Lamy souhaite donc mettre un peu d’ordre et de bon sens dans cette foire d’empoigne planétaire. D’autant qu’il sent monter un fort courant de protectionnisme, la mondialisation étant de plus en plus vécue comme une menace par les opinions publiques des pays développés. Les démocrates américains, qui contrôlent le Congrès, traînent par exemple les pieds pour ouvrir les frontières de leur pays. Parce qu’ils redoutent que la concurrence asiatique provoque des suppressions d’emplois.
Le président français Nicolas Sarkozy a parfaitement résumé la position occidentale, le 25 juin. Il a jugé « totalement invraisemblable qu’on s’obstine à négocier un accord dans lequel nous n’avons rien obtenu sur les services et l’industrie, et qui conduira à baisser de 20 % la production agricole dans un monde où 800 millions de personnes meurent de faim ».
Une semaine durant, Lamy va donc tenter de convaincre les protagonistes du commerce mondial d’échanger leurs bÂufs contre leurs pneus, leurs services bancaires contre leurs téléphones portables, leurs fleurs contre leurs accumulateurs électriques Un troc planétaire aussi gigantesque que techniquement incompréhensible pour le commun des mortels.
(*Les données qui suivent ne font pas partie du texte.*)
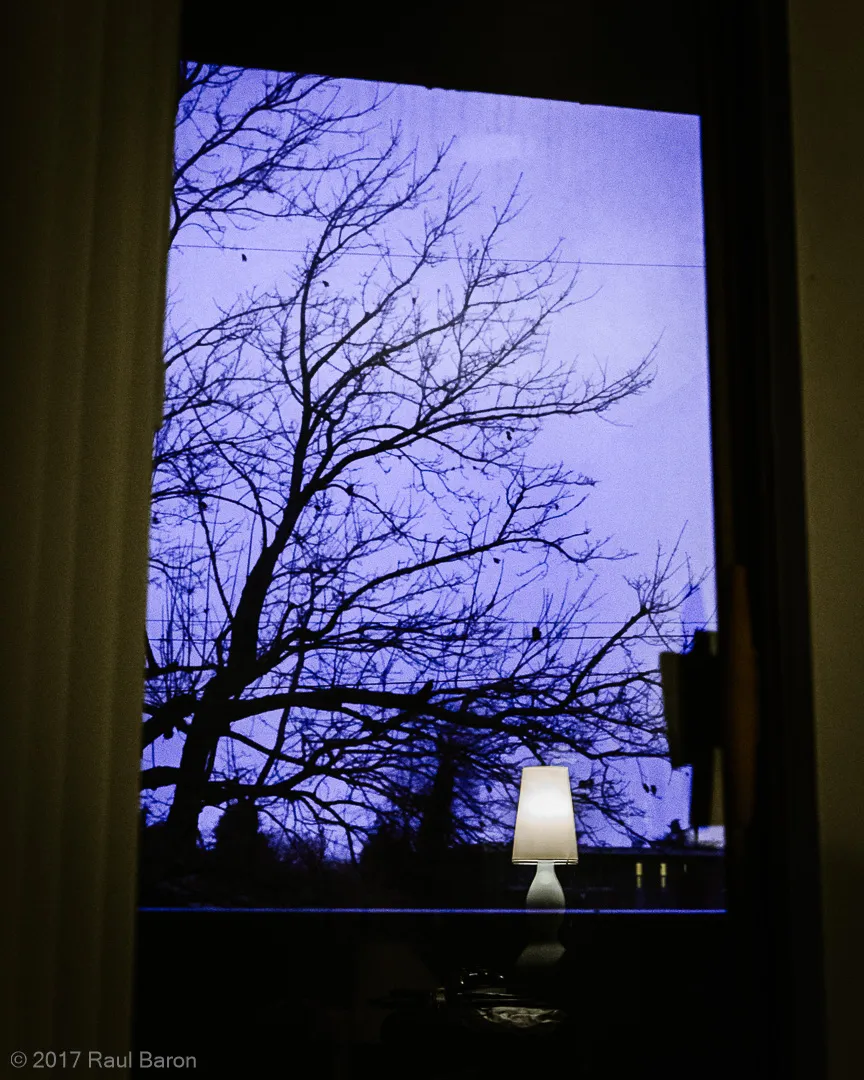 A photograph titled Evening Near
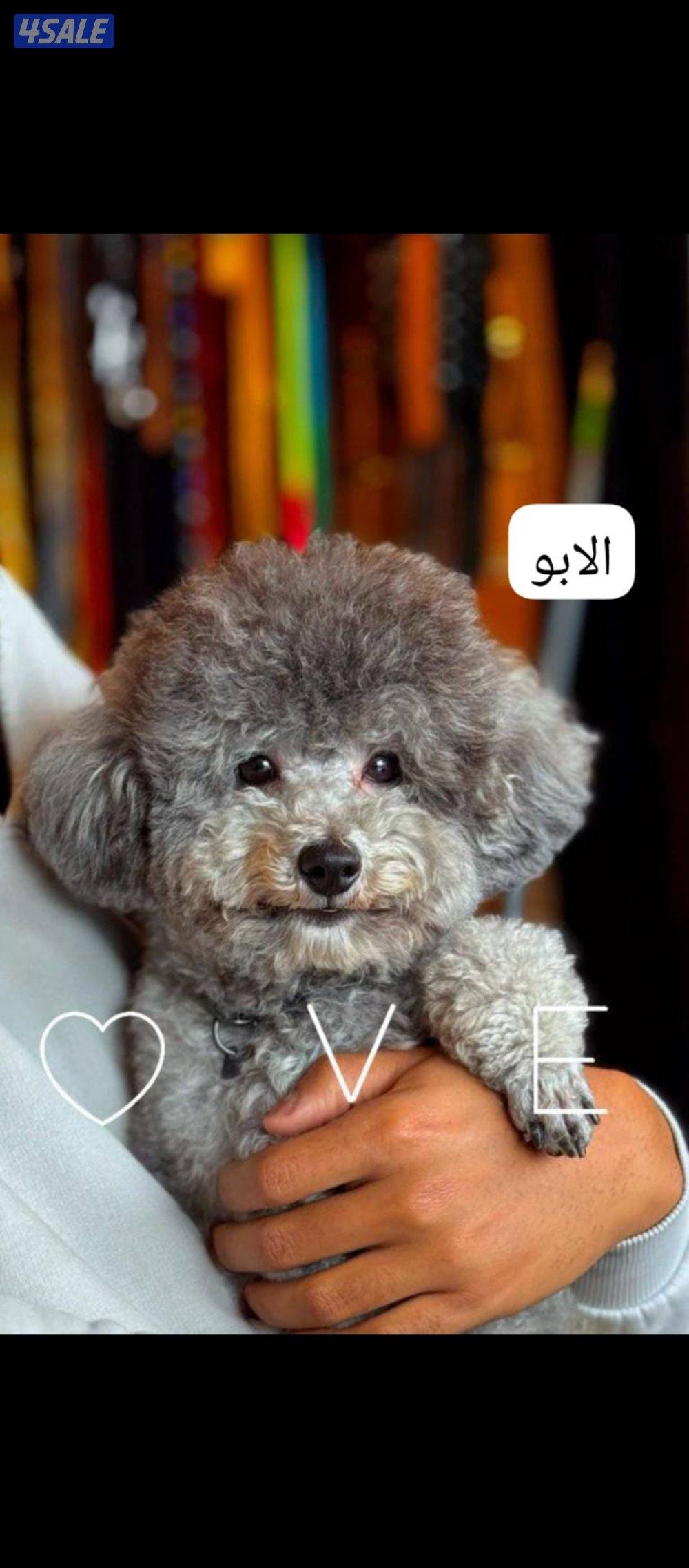 للبيع نثيه وذكر بودل1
Les pays riches devront accepter que les plus pauvres réduisent leurs barrières douanières moins drastiquement et moins rapidement qu’eux-mêmes. Les pays en développement se verront proposer de conserver des taxes à l’importation élevées, mais sur un nombre limité de produits industriels. Pour le moment, les plus pauvres seront exemptés de libéralisation, s’ils le souhaitent.
Conformément à la méthode Coué qu’il applique depuis des mois, Lamy va répétant que « jamais il n’y a eu sur la table des négociateurs autant de dossiers près d’être bouclés ». Mais il sait que l’affaire n’est pas gagnée d’avance et évalue les chances de succès à 50 %. Ce qui n’est pas beaucoup.
Même dans l’hypothèse où les ministres parviendraient à un accord le samedi 26 juillet, plusieurs mois de négociations seraient encore nécessaires pour fixer les pourcentages, les quotas, les délais, les exceptions et les sauvegardes sans lesquels aucun pays n’acceptera de signer. Enfin, tout pourrait être remis en cause par l’administration américaine qui sera mise en place après les élections du mois de novembre. Voire le refus d’une île perdue du Pacifique ou des Caraïbes de ratifier le texte final.
C’est dire que Pascal Lamy n’a pas fini de harceler Lula le Brésilien, Hu le Chinois ou Mandelson l’Européen. Pour les convaincre de voir plus loin que leurs intérêts égoïstes. Et de jouer – plus et mieux – la carte du multilatéralisme.